Job Description
Description
Key Responsibilities
- Research and develop state-of-the-art voice synthesis models (e.g., TTS, voice cloning, speech-to-speech).
- Build and fine-tune models using frameworks like PyTorch and HuggingFace.
- Design training pipelines and datasets for scalable voice model training.
- Explore techniques for emotional expressiveness, multilingual synthesis, and speaker adaptation.
- Work closely with product and creative teams to ensure models meet quality and production constraints.
- Stay on top of academic and industrial trends in speech synthesis and related fields.
- Strong background in machine learning and deep learning, with focus on speech/audio.
- Hands-on experience with TTS, voice cloning, or related voice synthesis tasks.
- Proficiency with Python and PyTorch; experience with libraries like torchaudio, ESPnet, or similar.
- Experience training models at scale and working with large audio datasets.
- Familiarity with vocoders and transformer-based architectures.
- Strong problem-solving skills, ability to work autonomously in a remote-first environment.
- PhD degree in Computer Science/ Machine Learning and publications in top venues.
- Contributions to open-source speech research or participation in relevant benchmarks.

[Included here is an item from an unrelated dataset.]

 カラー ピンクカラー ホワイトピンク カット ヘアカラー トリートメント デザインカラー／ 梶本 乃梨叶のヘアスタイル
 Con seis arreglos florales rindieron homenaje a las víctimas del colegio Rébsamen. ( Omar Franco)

- Familiarity with adjacent areas like lip-syncing, audio-driven animation, or expressive speech control.
- Experience with voice datasets or proprietary pipelines.
About BRAHMA AI:
BRAHMA AI is the next generation of enterprise media technology formed through the integration of Prime Focus Technologies and Metaphysic. By combining CLEAR®, CLEAR® AI, ATMAN, and VAANI into one ecosystem, BRAHMA AI enables enterprises to manage, create, and distribute content with intelligence, security, and efficiency.
Proven, scalable, and enterprise-tested, BRAHMA AI is helping global organizations accelerate growth, efficiency, and creative impact in the AI-powered era.